I totally agree that DDPM would be simpler to implement (I never did this but it seemed more straightforward). But my impression was that score matching was more theoretically grounded than DDPM. The derivation of the objective function of score matching, from the gradient-ascent like Langevin dynamics, to the various approximations to the “target term” in the norm (like grad_x log q(x_tilde|x)) to me feels more sound than the DDPM, which to me felt like arbitrarily saying let’s add noise and attenuate, and assume the reverse is also Gaussian like, and let’s just use a model to learn it, and actually we found that learning the noise is better than learning the mean, for whatever reason so let’s do that.

(I don’t mean to belittle the authors’ work. I have never been able to derive and conduct such research)

I do admit that my impression may be due to the fact that I didn’t understand the derivation of those approximations in score matching. And it’s highly likely I don’t know what I’m talking about regarding DDPM.

Would you please give an example where SBM is intuitive and observation based? I think the first paper, where they discussed a bunch of pitfalls and then came up with using various noise levels and the noise conditioned model seems that way.

3

Red-Portal t1_it516cq wrote

I actually think it's the opposite. Although the "learning the noise" part is voodoo, the probabilistic model itself is quite sound, if you're slightly Bayesian. What DDPM is doing is that, assuming the transition is Gaussian, then let's find this Gaussian. There's nothing inherently wrong about this since you're conditioning on the assumption. I have a problem with the "let's learn the noise like psychopaths" part too; but I think it has something to do with scaling of the variational objective. Score matching on the other hand, has no theoretical guarantee that it will produce something accurate enough to be used for Langevin sampling.

3

UncleVesem1r t1_it5bxzm wrote

Thank you for the reply. It was very helpful.

​

>Score matching on the other hand, has no theoretical guarantee that it will produce something accurate enough to be used for Langevin sampling.
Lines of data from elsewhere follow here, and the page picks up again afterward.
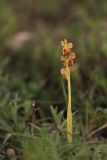 Steveniella satyrioides
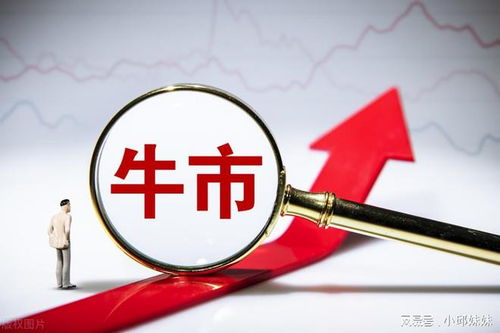 知識產權保護概念股蓄勢待發 政策風口下，龍頭引領行業機遇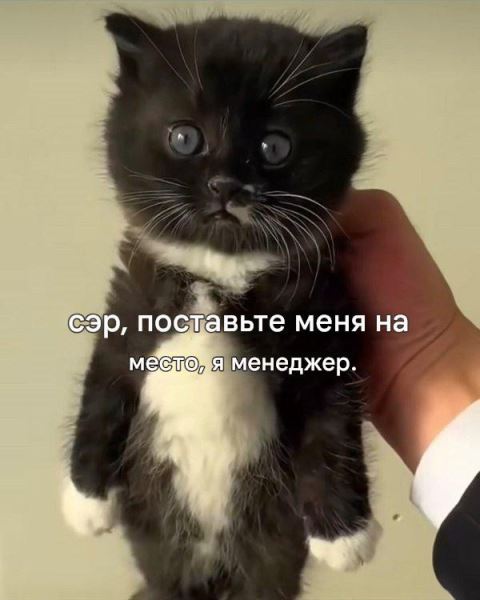 Котомемы для настроения (16 шт)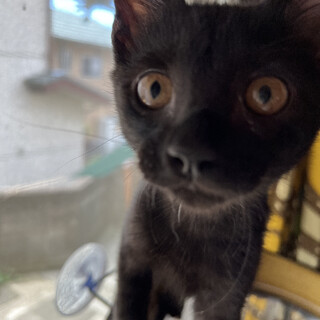 かわいいブラックパンサー☆チェリオくん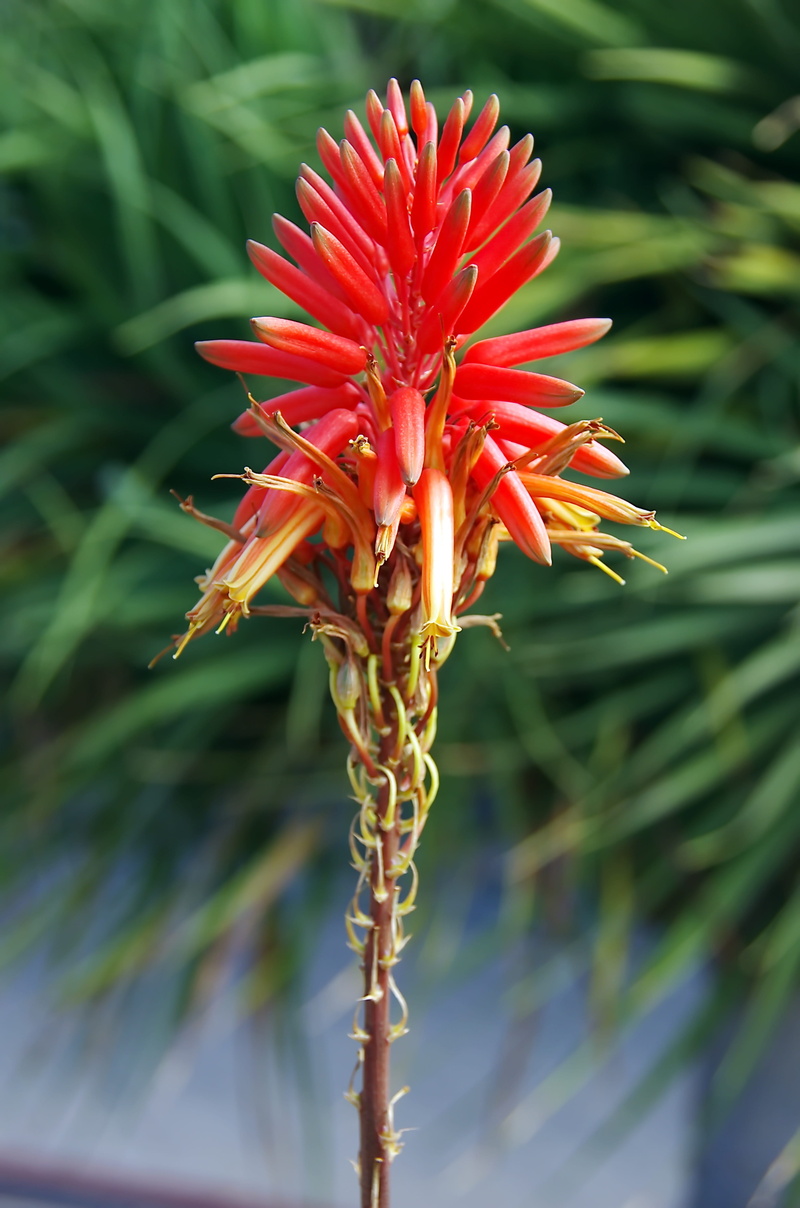 4K, aloe vera, cosmetic, inflorescence, flower head, close-up, no people, aloe, green color, flowering plant, day, nature, focus on foreground, petal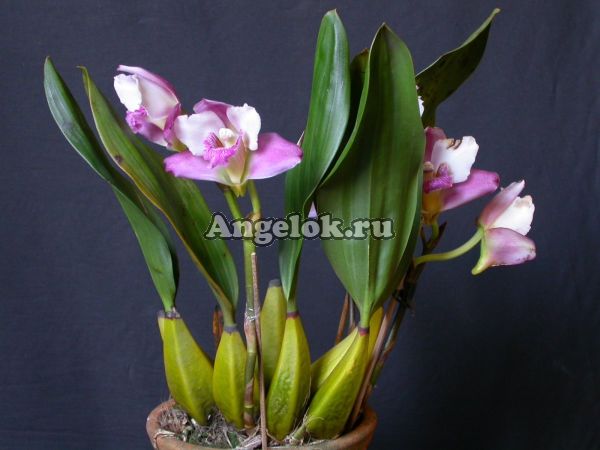 фото Бифренария Гариссона (Bifrenaria harrisoniae) от магазина магазина орхидей Ангелок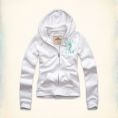   Hollister Lobster Point Shine Hoodie (352-521-0065-001) Size XS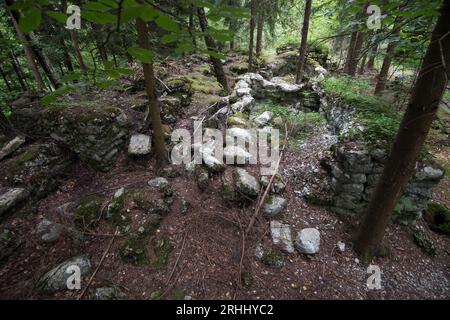 Migliaia di sacchi di cemento fossilizzati presso il deposito di materiali edili vicino al complesso Wlodarz del progetto Riese a Gluszyca, Polonia. Nel 1943 la Germania nazista Foto Stock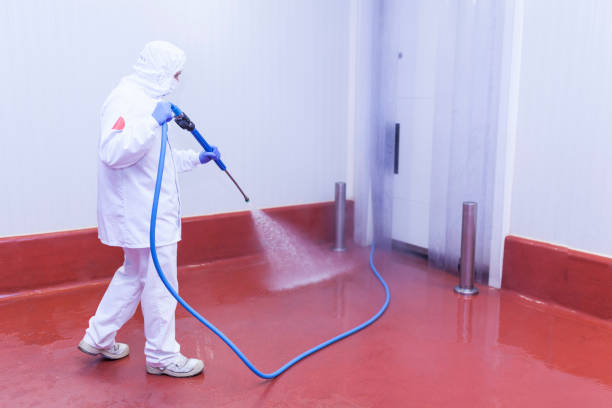 Best Solar Panel Cleaning  in Oakwood, PA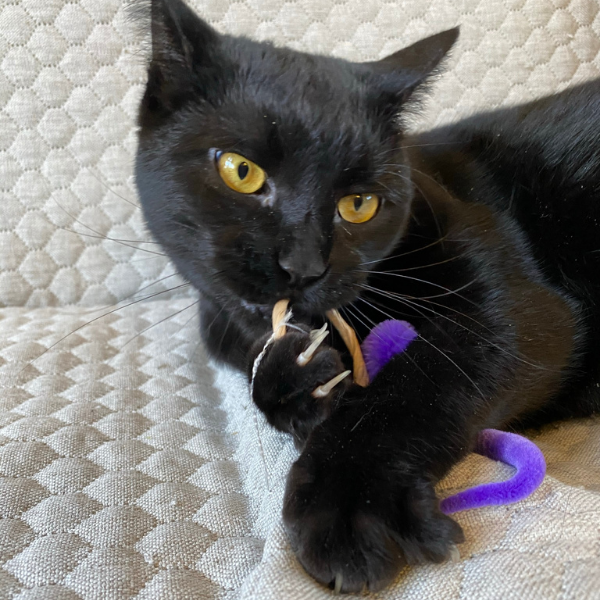 black cat lying on a white couch with a ring toy in it's paws and the cat is chewing on the ring toy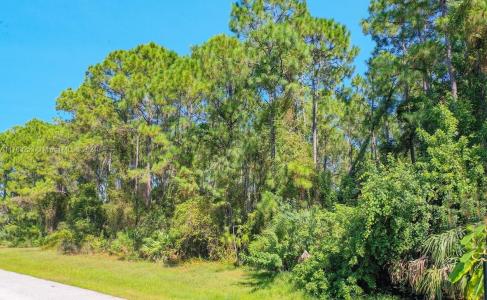 31 Karmain RD, North Port, Flórida 34288, Estados Unidos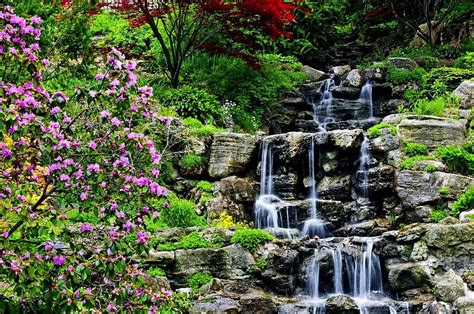 Nature, Water, Waterfalls, Flower, Waterfall, Vegetation, , Garden, HD ...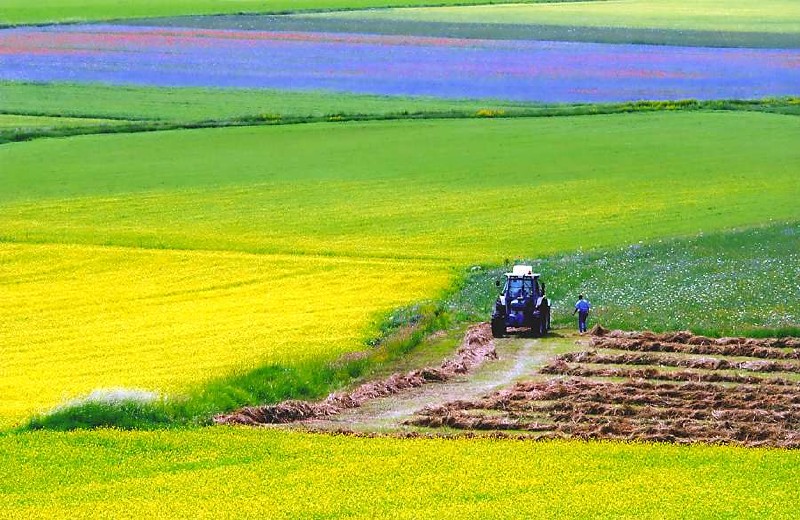 Agricoltrura moderna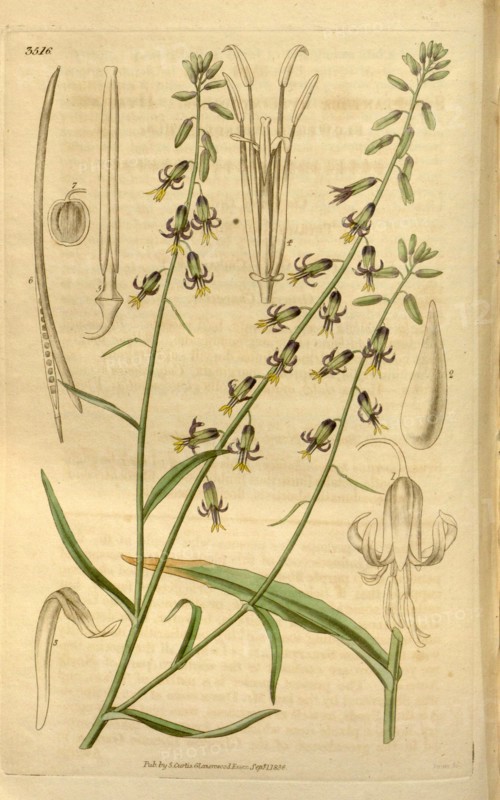 Botanical print or English natural history illustration by Joseph Swan 1796-1872, British Engraver. From the Liszt Masterpieces of Botanical Illustration Collection.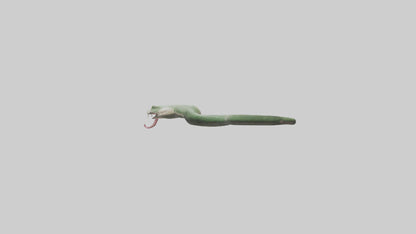 Snake Tongue Model 3D model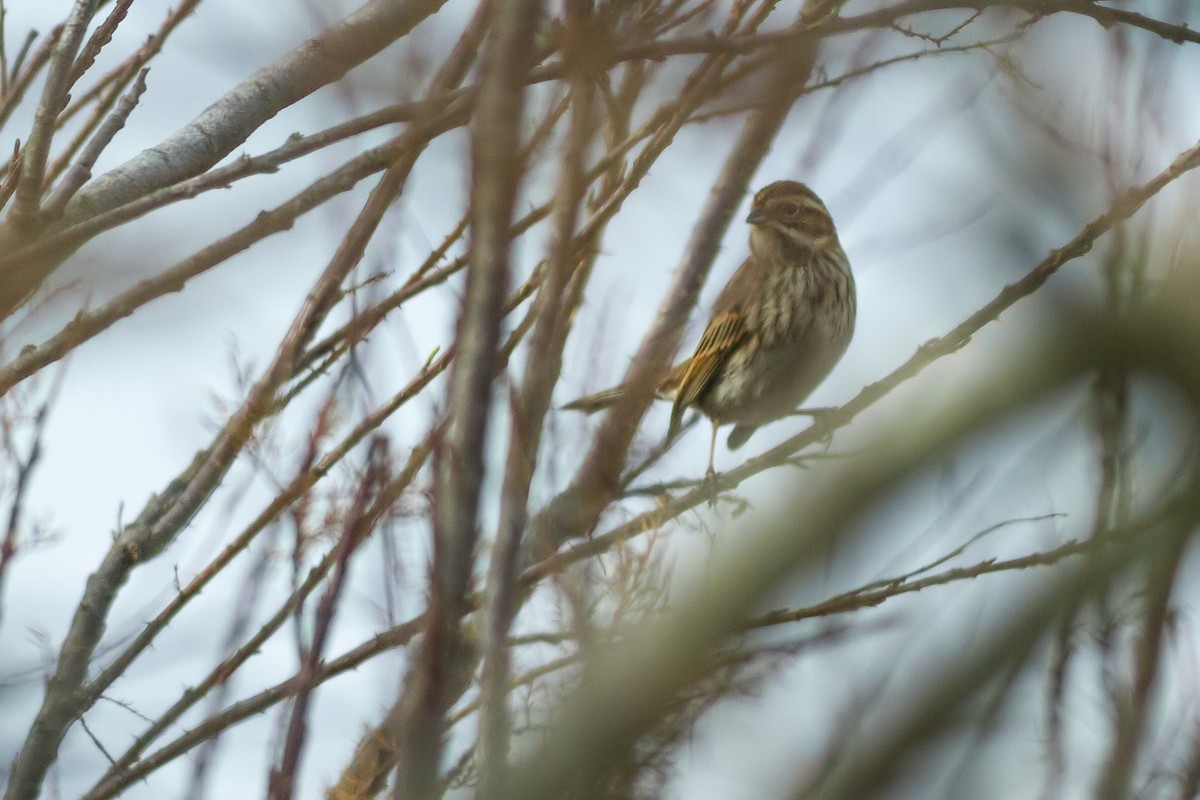 Reed Bunting - ML402454351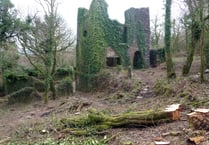 Mine project takes step forward in Tamar Valley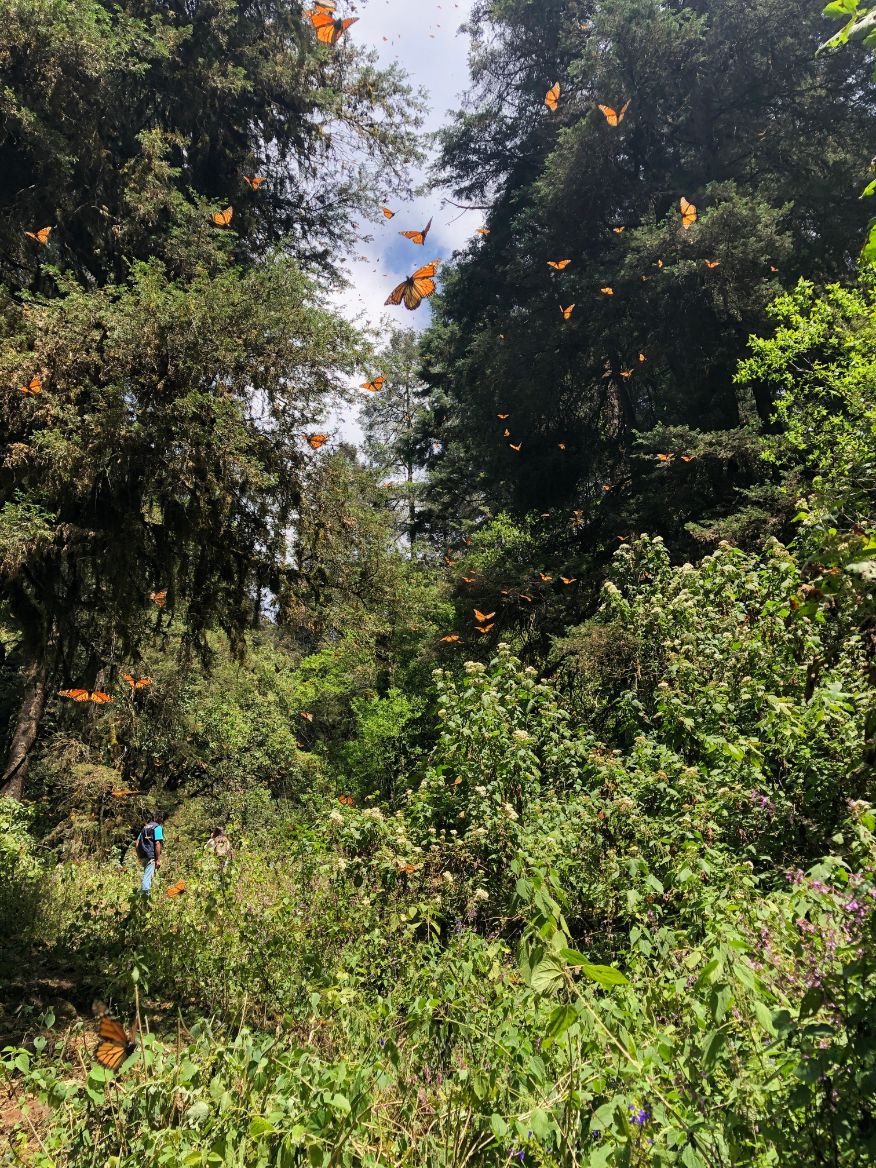 monarch butterfly migration in Mexico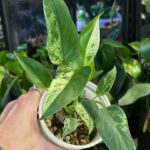 Philodendron Alatisulcatum Variegata - rzadki Philodendron kolekcjonerski z wydłużonymi, sztywnymi liśćmi, intensywnie pofalowanymi na krawędziach. Wariegacja w kolorach kremowej bieli i głębokiej zieleni. Idealny do uprawy domowej.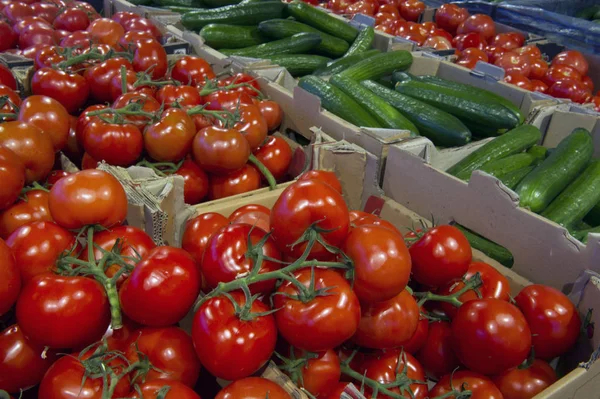 Venta de tomates y pepinos en el departamento de hortalizas — Foto de Stock
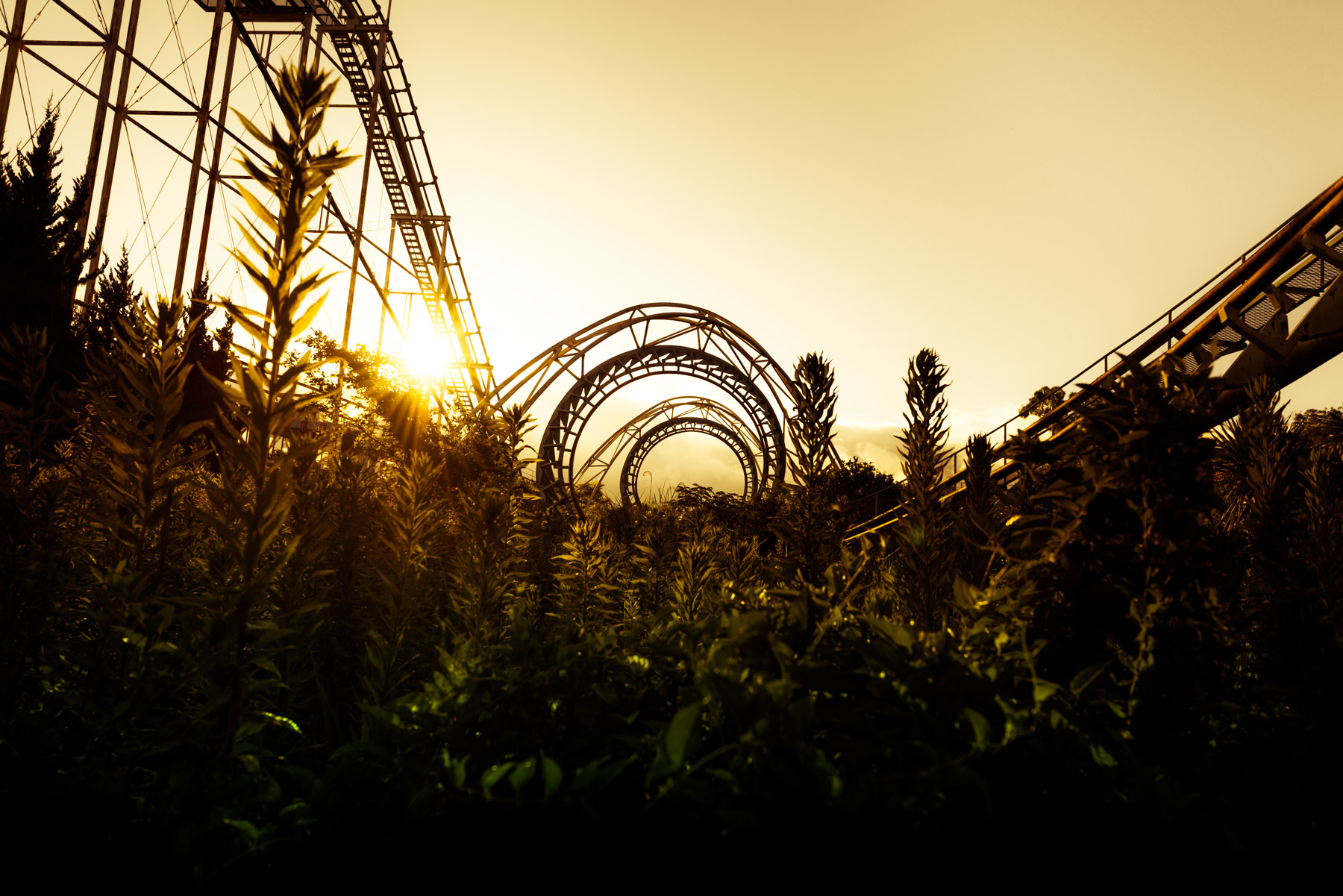 Dreamland Looping Sepia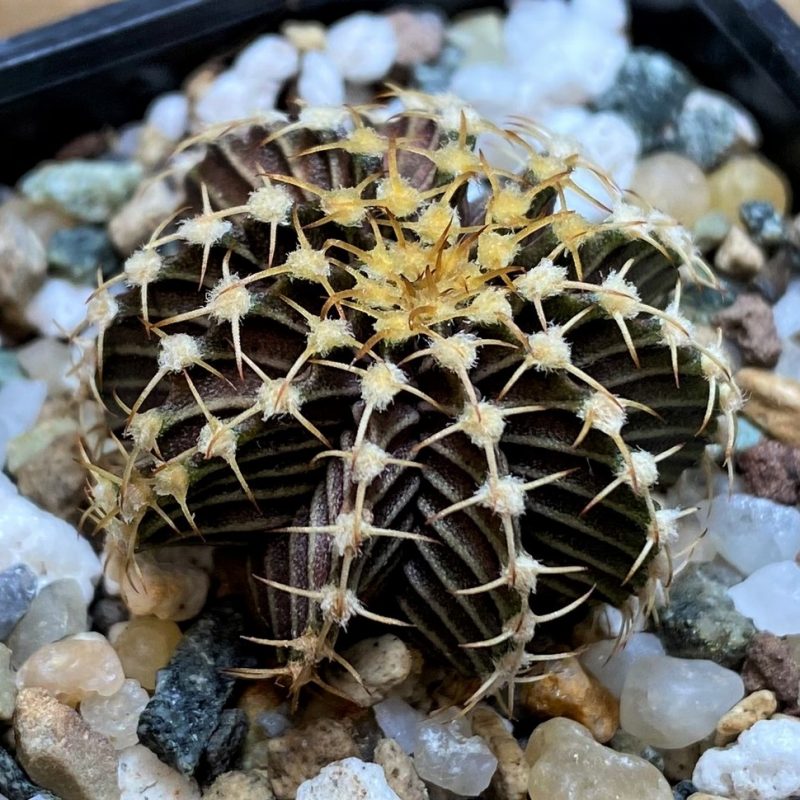 SH27989 Gymnocalycium friedrichii 9R001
Sorry if I'm being dense. Could you expound on this? Or could you be more explicit regarding which part of DDPM provides such theoretical guarantee, while SBM fails to do so, perhaps providing eq numbers from the papers? I'm fairly new to this and it's hard for me to parse all the equations and understand which part is fluff and which is the real meat. Thank you very much!

1

Red-Portal t1_it5ciyb wrote

DDPM doesn't aim to produce anything related to Langevin sampling. However, it's objective function is equivalent to the KL divergence between the "true" Gaussian and the neural network parameterized Gaussian. Thus, as long as SGD does optimize the DDPM objective, you'll get something that is close to the true Gaussian according to the KL divergence. The problem is that learning the noise with MSE kindda ruins all of this...

1

UncleVesem1r t1_it5rffe wrote

I see! I understand why DDPM is good now. I should go back to the paper and pay more attention to the KL divergence part of it.

If I could borrow a few more minutes of your time, could you explain more about what's not as good about score matching?

So to be explicit, my understanding Langevin sampling is correct, i.e., if there's a model that can accurately model the score function, one should be able to recover the true data distribution. If this is true, then I guess the criticism regarding SM is about its objective function, i.e., there's no guarantee that it leads to accurate score function? But aren't the score matching algorithms (denoising, projection) supposed to be able to solve the objective function involving grad_x log p(x)?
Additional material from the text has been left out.